What you have to do> Everything in the listing except the pictures should be written out exactly.

Dataset records>

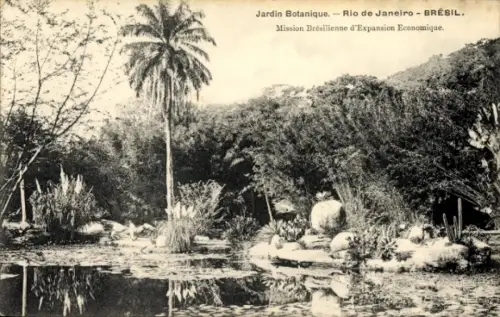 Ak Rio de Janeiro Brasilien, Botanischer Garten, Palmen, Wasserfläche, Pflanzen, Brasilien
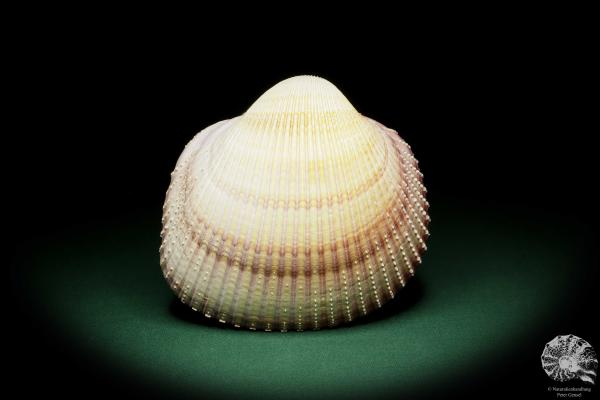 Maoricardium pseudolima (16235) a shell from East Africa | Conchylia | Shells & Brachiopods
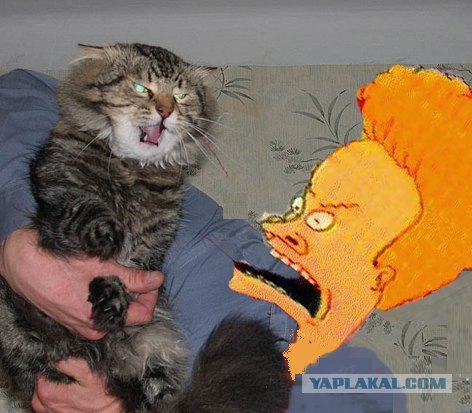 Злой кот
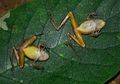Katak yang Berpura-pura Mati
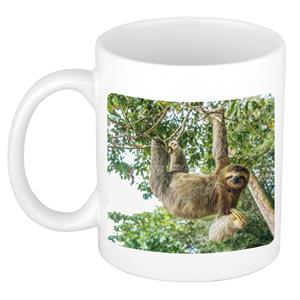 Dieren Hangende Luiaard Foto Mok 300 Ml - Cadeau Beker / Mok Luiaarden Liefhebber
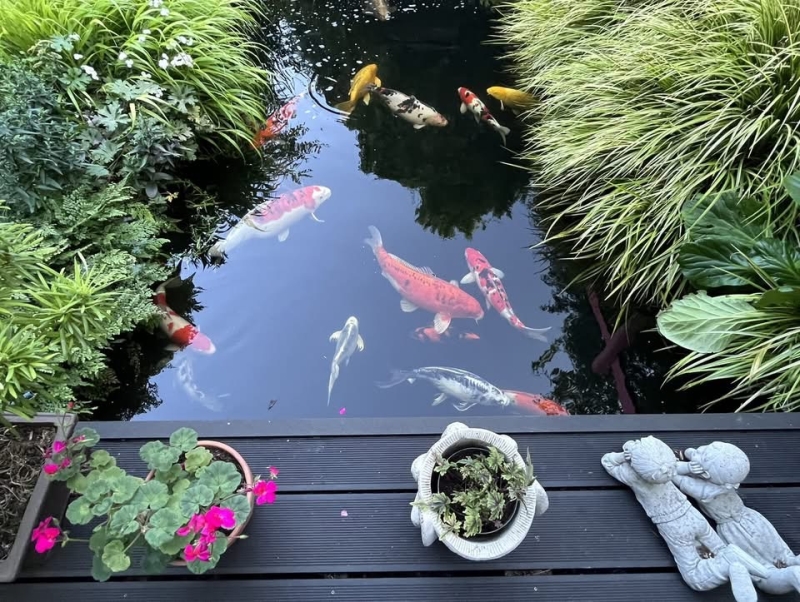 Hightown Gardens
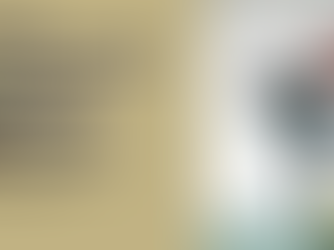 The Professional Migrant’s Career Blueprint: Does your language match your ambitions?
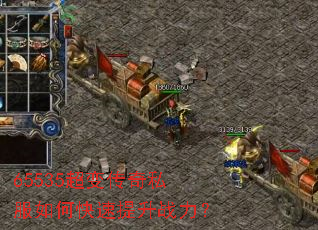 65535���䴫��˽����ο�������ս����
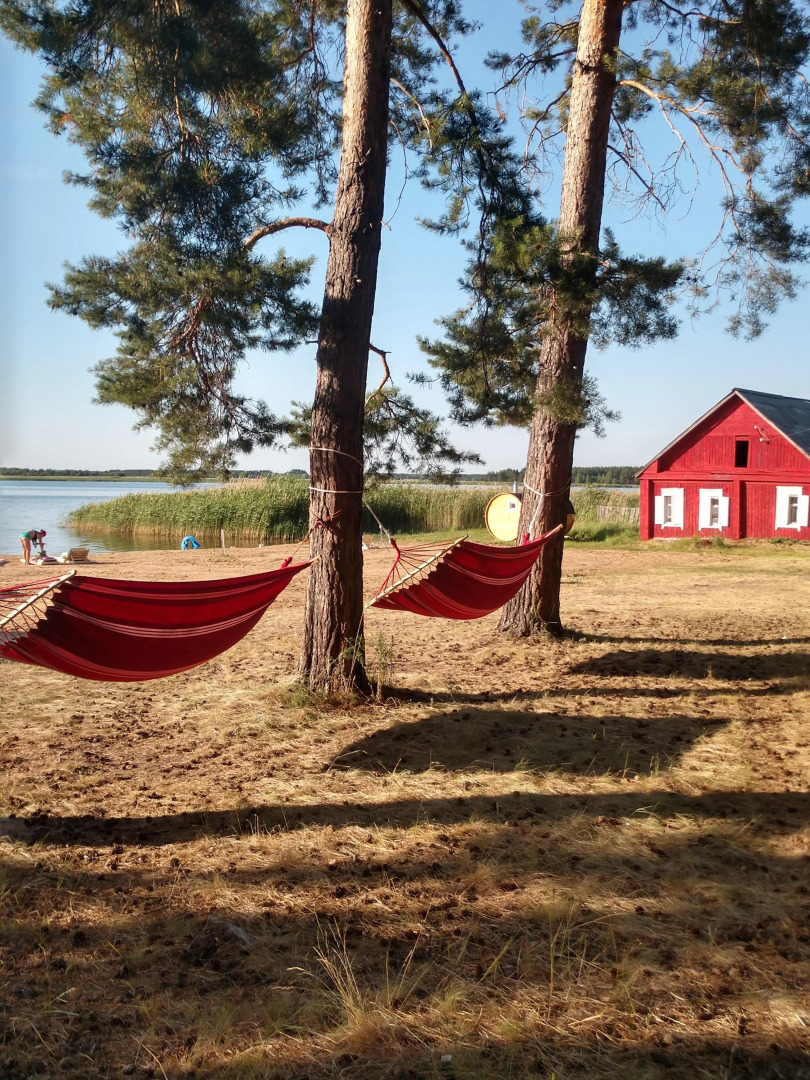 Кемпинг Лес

Reply to the task>
 Ak Rio de Janeiro Brasilien, Botanischer Garten, Palmen, Wasserfläche, Pflanzen, Brasilien
 Maoricardium pseudolima (16235) a shell from East Africa | Conchylia | Shells & Brachiopods
 Злой кот
Katak yang Berpura-pura Mati
 Dieren Hangende Luiaard Foto Mok 300 Ml - Cadeau Beker / Mok Luiaarden Liefhebber
 Hightown Gardens
 The Professional Migrant’s Career Blueprint: Does your language match your ambitions?
 65535���䴫��˽����ο�������ս����
 Кемпинг Лес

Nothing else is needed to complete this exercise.